Virginia officials defend ‘free and fair’ elections as primary results are certified

Drawing from bowl sets ballot order for 2024 general elections

Graham Moomaw | 7/4/2024, 6 p.m.
Virginia officials on Tuesday certified the results of last month’s congressional primaries and defended the integrity of the state’s voting …
Virginia State Board of Elections Vice Chair Rosalyn Dance draws a film canister from a crystal bowl to determine ballot order for the 2024 elections. Photo by Graham Moomaw/Virginia Mercury

Virginia officials on Tuesday certified the results of last month’s congressional primaries and defended the integrity of the state’s voting systems after a contentious election season.

“I think we can comfortably say we’ve had free and fair elections in this primary,” said former Republican Del. John O’Bannon, who now chairs the Virginia State Board of Elections.

The 5th District GOP primary fight between incumbent U.S. Rep Bob Good, R-Campbell, and state Sen. John McGuire, R-Goochland, led to intense scrutiny of Virginia’s election system due to a close finish involving the two hard-right figures. Both McGuire and Good have previously stoked doubts about whether elections can be trusted.

A lawyer for McGuire’s campaign spoke to the elections board Tuesday, saying there were no irregularities in the election that would justify doubting the results or failing to certify McGuire’s apparent victory by a little less than 400 votes.

“We are confident in the integrity of this election and the legitimacy of the result,” said Daniel Bruce, an attorney with the Holtzman Vogel law firm representing McGuire’s campaign.

Good has signaled he’ll seek a recount in the primary he appears to have narrowly lost. No representative spoke on the congressman’s behalf Tuesday. There was no reason for Good to try to block certification of the primary, because the recount his campaign would have to pay for couldn’t begin until after Tuesday’s vote.

Good, who was attacked by former President Donald Trump after Good endorsed Florida Gov.
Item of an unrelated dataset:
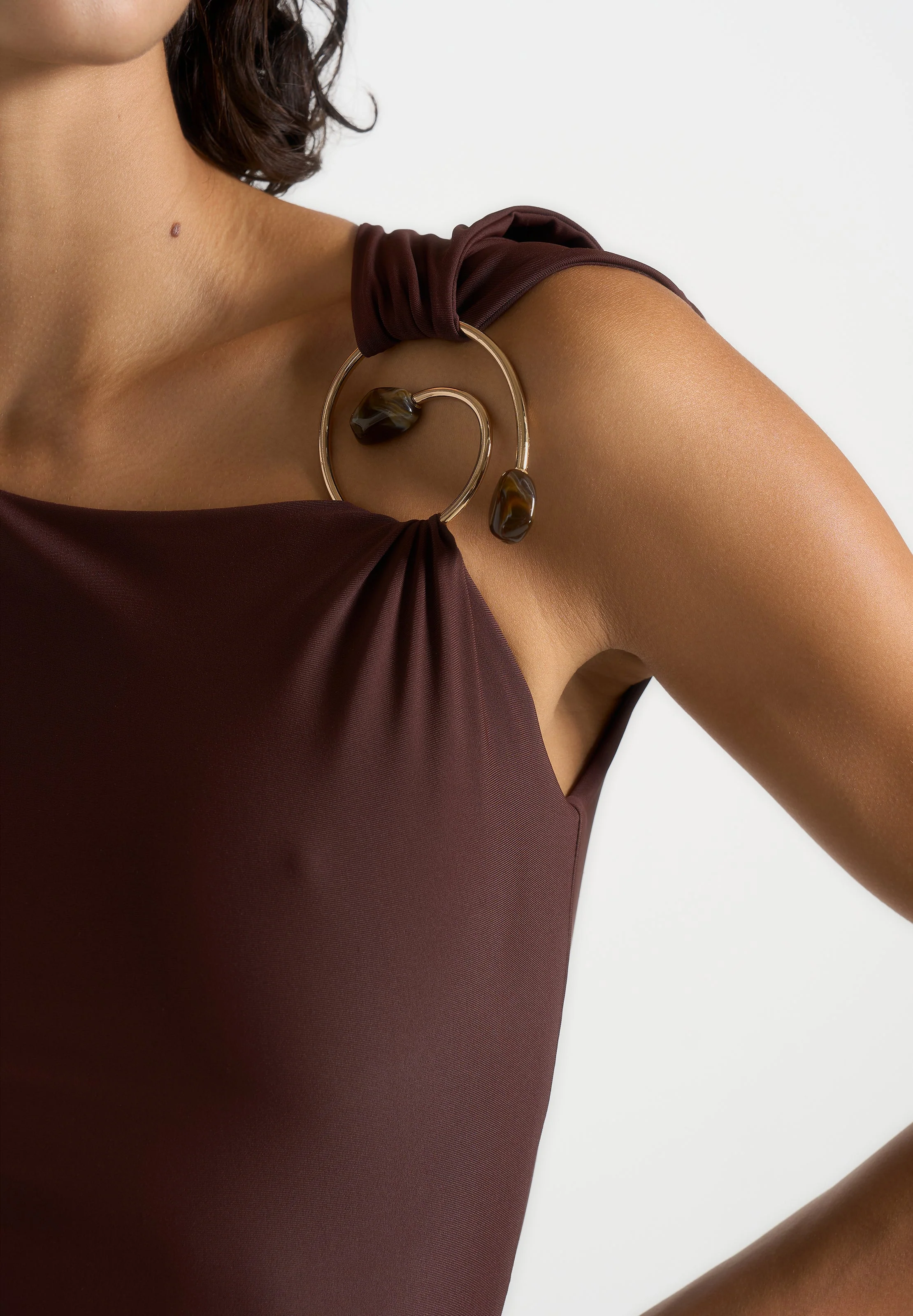 Rania - Asymmetric Draped Maxi Dress - Brown - Image 2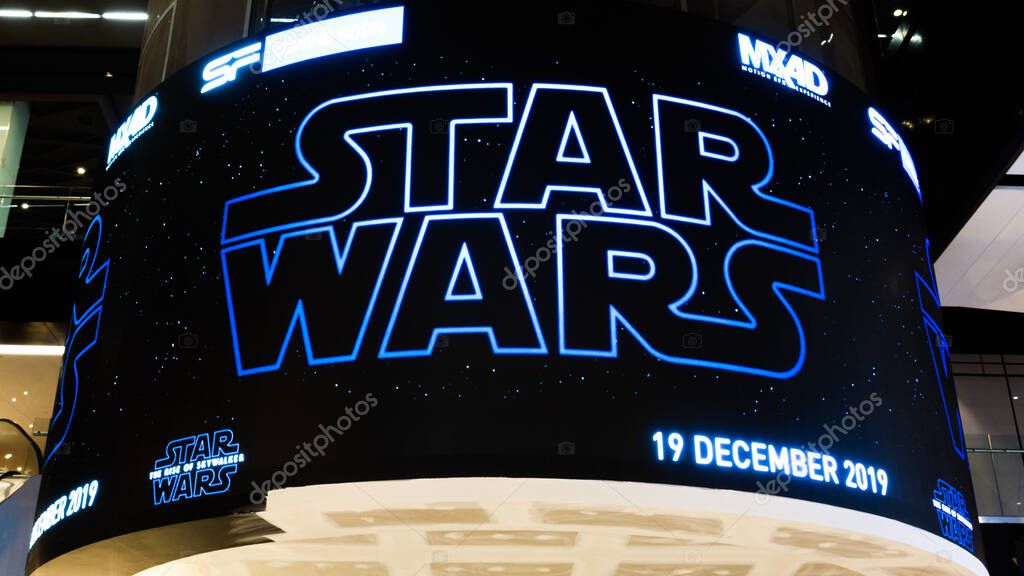 Bangkok, Thailand - Nov 30, 2019: Star Wars The Rise of Skywalker movies logo advertising on LED display screen in cinema theatre. Movie advertisement or film entertainment industry concept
Ron DeSantis for president, now has 10 days to officially seek a recount.

Following the June 18 primary, Good pointed to several unusual events to cast doubt on the election’s legitimacy, including several fire alarms going off at polling places and officials in the city of Lynchburg mishandling a small number of ballots by failing to follow procedures for an absentee drop box.

Officials said there were normal explanations for the alarms. The drop box issue only involved seven ballots, according to officials. Elections Commissioner Susan Beals, a Republican appointee of Gov. Glenn Youngkin, also gave a speech Tuesday declaring that none of those issues should create doubt about the outcome.

Given all the variables involved in the locally driven process of running an election, she said, minor issues are bound to happen sometimes.

“This local responsibility means that there will be occasional issues with administration, as there are 133 individual elections being held,” Beals said, referring to the number of cities and counties in Virginia. “Any time you have a process that is run by humans, issues may occur. But these are not systemic problems that call into question the results of the election.”

In other business Tuesday, the state elections board voted unanimously to begin the process of potentially removing a local Republican election official who was accused of failing to perform her duties and being unable to set her partisanship aside.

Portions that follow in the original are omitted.